Looking at the Asahi docs for system boot, there are three stages of system boot: SecureROM, and the two iBoot stages. The job of SecureROM is to initialize and load just enough to get the first iBoot stage running, while the first iBoot stage’s job is only to get the second iBoot stage running. The second iBoot stage then starts whatever kernel is passed to it, as long as it matches the enrolled hash for secure boot, which is user-controllable. This means that the second iBoot stage can chainload into GRUB or similar to boot Linux. Notably, there is no PKI involved in the secure boot process, it is strictly based on hashes.

This means that the system initialization is as simple as possible, leaving the majority of work to the second stage bootloader. There are no keys to manage, which means no trust store. The end user may trust whatever kernel hash she wishes.

But what about the Secure Enclave? Does it act as a service processor? No, it doesn’t: it remains offline until it is explicitly started by MacOS. And on the M1, everything is gated behind an IOMMU.

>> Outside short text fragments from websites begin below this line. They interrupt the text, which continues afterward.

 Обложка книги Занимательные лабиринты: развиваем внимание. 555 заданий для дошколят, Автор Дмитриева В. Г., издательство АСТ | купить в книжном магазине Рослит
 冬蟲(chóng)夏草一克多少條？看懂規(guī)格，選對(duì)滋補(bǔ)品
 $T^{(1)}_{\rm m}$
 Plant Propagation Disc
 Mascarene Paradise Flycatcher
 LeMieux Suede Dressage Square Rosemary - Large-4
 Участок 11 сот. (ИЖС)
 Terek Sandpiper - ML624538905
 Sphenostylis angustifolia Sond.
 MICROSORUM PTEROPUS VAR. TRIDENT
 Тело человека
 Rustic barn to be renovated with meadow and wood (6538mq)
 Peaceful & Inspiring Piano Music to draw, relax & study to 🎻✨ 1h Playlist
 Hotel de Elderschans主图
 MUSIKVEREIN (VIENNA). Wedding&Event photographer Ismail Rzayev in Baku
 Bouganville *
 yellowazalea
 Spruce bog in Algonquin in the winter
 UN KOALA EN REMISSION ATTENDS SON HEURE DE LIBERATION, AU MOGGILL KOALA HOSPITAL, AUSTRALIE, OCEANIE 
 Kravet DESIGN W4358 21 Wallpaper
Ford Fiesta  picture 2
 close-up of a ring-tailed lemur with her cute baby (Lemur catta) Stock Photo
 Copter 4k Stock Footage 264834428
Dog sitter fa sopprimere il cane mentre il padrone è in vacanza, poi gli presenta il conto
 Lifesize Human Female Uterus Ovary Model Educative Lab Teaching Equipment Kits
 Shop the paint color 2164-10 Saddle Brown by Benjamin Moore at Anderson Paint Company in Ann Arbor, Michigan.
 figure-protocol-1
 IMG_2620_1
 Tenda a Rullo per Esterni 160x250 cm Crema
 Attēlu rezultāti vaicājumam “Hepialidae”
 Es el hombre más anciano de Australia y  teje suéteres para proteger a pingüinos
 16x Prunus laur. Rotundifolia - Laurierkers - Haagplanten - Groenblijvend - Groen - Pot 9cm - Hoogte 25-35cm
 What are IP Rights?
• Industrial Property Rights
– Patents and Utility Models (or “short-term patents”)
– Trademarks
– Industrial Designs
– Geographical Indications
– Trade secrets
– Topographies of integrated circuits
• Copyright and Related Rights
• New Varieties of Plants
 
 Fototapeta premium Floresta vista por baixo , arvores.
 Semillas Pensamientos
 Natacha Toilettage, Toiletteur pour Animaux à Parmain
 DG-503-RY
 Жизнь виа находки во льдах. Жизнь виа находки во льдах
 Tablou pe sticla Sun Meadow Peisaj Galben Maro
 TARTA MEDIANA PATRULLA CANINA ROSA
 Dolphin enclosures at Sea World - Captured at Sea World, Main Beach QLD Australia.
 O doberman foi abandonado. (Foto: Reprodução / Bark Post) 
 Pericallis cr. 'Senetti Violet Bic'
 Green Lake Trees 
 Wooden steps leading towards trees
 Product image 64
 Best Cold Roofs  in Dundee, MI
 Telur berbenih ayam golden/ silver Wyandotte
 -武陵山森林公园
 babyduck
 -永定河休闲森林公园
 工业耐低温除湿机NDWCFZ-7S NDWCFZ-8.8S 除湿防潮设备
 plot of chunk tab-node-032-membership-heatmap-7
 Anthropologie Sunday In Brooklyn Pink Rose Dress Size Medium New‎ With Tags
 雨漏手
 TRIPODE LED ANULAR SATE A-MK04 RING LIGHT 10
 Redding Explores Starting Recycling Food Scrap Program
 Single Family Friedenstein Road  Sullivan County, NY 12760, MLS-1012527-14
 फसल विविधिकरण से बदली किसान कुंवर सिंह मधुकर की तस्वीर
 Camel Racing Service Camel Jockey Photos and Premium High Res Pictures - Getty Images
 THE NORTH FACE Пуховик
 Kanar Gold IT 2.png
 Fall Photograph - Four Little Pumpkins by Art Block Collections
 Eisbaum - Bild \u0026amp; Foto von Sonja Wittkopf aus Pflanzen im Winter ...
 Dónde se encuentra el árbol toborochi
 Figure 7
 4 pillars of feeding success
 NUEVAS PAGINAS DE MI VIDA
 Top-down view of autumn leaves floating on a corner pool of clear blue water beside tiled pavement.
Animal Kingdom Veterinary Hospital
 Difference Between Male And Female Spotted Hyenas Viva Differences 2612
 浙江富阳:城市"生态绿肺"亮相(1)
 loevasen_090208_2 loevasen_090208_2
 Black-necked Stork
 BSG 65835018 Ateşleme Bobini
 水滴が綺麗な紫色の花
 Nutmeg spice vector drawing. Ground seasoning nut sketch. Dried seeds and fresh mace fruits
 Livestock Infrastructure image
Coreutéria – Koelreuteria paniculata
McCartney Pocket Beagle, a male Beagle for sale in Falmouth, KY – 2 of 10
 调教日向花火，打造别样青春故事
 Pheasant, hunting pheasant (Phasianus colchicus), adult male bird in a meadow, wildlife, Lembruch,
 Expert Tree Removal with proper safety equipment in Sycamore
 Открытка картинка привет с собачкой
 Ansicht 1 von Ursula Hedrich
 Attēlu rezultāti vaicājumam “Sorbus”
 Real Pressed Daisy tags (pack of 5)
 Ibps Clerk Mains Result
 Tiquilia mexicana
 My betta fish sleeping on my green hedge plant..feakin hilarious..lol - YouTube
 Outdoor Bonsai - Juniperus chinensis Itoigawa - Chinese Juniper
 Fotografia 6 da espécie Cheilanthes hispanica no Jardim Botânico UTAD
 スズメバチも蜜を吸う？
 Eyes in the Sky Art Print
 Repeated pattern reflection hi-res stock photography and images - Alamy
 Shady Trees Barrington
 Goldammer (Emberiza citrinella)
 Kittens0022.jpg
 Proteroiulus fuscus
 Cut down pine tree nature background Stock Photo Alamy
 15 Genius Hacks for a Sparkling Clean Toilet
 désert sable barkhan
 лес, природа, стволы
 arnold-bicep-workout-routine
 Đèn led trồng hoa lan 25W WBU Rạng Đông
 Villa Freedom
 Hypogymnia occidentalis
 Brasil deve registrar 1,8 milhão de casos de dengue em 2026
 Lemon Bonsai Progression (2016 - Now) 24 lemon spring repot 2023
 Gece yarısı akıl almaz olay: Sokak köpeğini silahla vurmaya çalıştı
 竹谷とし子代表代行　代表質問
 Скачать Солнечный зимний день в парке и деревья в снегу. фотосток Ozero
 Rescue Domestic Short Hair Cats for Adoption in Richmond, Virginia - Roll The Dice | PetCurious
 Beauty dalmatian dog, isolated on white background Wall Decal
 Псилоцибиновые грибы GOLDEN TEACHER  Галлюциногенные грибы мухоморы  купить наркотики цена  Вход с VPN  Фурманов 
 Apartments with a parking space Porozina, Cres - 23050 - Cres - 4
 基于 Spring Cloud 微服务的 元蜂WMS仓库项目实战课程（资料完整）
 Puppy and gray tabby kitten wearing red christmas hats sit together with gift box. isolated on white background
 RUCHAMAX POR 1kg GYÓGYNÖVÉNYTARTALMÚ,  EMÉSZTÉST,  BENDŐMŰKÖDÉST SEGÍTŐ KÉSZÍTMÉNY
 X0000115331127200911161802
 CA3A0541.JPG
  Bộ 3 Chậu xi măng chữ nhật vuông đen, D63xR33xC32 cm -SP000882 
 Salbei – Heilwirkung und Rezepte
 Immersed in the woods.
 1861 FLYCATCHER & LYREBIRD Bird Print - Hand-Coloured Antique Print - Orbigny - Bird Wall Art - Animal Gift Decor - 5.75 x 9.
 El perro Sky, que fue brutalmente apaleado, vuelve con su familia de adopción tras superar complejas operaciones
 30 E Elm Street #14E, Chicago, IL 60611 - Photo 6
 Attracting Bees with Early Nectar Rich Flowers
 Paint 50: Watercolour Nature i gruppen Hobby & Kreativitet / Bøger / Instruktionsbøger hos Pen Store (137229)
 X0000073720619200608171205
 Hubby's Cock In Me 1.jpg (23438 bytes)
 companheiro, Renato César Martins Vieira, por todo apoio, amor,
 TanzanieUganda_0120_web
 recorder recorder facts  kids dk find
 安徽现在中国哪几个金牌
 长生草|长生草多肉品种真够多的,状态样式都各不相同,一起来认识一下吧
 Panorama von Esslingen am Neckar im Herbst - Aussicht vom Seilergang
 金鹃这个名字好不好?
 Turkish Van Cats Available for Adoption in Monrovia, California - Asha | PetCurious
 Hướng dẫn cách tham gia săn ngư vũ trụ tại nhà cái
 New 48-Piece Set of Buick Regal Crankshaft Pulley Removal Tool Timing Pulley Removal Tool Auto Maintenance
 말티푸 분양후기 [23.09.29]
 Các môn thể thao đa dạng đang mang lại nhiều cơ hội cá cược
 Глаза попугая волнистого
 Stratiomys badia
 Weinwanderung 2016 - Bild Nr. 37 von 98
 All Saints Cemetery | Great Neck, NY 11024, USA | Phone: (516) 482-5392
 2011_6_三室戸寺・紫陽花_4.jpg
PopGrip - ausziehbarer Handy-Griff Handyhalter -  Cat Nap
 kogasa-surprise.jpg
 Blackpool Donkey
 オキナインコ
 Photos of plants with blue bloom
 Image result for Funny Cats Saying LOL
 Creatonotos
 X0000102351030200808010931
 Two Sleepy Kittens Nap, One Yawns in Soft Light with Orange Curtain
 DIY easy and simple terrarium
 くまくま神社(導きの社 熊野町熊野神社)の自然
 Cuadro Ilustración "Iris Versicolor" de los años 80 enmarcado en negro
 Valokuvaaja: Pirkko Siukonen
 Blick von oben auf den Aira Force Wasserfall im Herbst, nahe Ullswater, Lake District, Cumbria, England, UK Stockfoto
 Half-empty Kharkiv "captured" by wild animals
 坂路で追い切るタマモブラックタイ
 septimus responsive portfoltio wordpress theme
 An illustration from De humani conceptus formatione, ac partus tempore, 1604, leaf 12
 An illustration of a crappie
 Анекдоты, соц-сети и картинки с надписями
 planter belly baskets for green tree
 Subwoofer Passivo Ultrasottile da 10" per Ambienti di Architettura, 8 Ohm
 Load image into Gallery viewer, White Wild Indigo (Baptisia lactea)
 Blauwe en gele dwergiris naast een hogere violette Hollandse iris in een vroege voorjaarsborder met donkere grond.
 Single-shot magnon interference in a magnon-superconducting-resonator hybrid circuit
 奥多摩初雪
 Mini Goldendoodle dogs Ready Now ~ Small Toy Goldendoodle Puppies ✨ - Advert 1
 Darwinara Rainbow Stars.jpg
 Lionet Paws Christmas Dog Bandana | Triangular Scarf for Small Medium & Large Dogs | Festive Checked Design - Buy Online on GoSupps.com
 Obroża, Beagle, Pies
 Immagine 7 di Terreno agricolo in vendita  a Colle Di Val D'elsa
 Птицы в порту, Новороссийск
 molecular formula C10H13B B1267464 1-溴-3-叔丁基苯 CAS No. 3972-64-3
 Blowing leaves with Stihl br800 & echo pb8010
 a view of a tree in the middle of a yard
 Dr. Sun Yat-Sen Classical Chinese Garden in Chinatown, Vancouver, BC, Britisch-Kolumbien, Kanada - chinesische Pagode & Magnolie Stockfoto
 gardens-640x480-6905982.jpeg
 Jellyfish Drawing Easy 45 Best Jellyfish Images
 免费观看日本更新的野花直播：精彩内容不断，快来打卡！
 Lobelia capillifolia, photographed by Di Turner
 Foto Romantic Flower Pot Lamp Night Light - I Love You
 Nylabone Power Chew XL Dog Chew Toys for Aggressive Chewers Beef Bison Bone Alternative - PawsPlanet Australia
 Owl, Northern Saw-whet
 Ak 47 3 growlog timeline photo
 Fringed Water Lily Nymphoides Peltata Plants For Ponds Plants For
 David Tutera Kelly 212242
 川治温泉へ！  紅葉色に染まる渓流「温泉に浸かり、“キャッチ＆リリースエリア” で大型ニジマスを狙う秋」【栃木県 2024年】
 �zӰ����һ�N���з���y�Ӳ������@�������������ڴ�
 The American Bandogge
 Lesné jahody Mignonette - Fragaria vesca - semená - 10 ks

Therefore, the M1 actually gets 4 out of 5, making it roughly as trustworthy as the Libreboot ThinkPad, and slightly less trustworthy than the Blackbird. But unlike those devices, the performance is good, and the cost is reasonable. However… it’s not quite ready for Linux users yet. That leaves the Libreboot machines as providing the best balance between usability and trustworthiness today, even though the performance is quite slow by comparison to more modern computers. If you’re excited by these developments, you should follow the Asahi Linux project and perhaps donate to marcan’s Patreon.

Where to get it: basically any electronics store

SolidRun Honeycomb (NXP LX2160A, 16x Cortex-A72)

My main aarch64 workhorse at the moment is the SolidRun Honeycomb. I picked one up last year, and got Alpine running on it. Like the Blackbird, all firmware that can be flashed to the board is open source. SolidRun provides a build of u-boot or a build of TianoCore to use on the board. In general, they do a good job at enabling the ability to build your own firmware, the process is reasonably documented, with the only binary blob being DDR PHY training data.

However, mainline Linux support is only starting to mature: networking support just landed in full with Linux 5.14, for example. There are also bugs with the PCIe controller. And at $750 for the motherboard and CPU module, it is expensive to get started, but not nearly as expensive as something like Blackbird.

If you’re willing to put up with the PCIe bugs, however, it is a good starting point for a fully open system. In that regard, Honeycomb does get 5 out of 5 points, just like the Blackbird system.

Where to get it: SolidRun’s website.

Conclusions

While we have largely been in the dark for modern user-trustworthy computers, things are finally starting to look up. While Apple is a problematic company, for many reasons, they are at least producing computers which, once Linux is fully functional on them, are basically trustworthy, but at a sufficiently low price point verses other platforms like Blackbird. Similarly, Libreboot seems to be back up and running and will hopefully soon be targeting more modern hardware.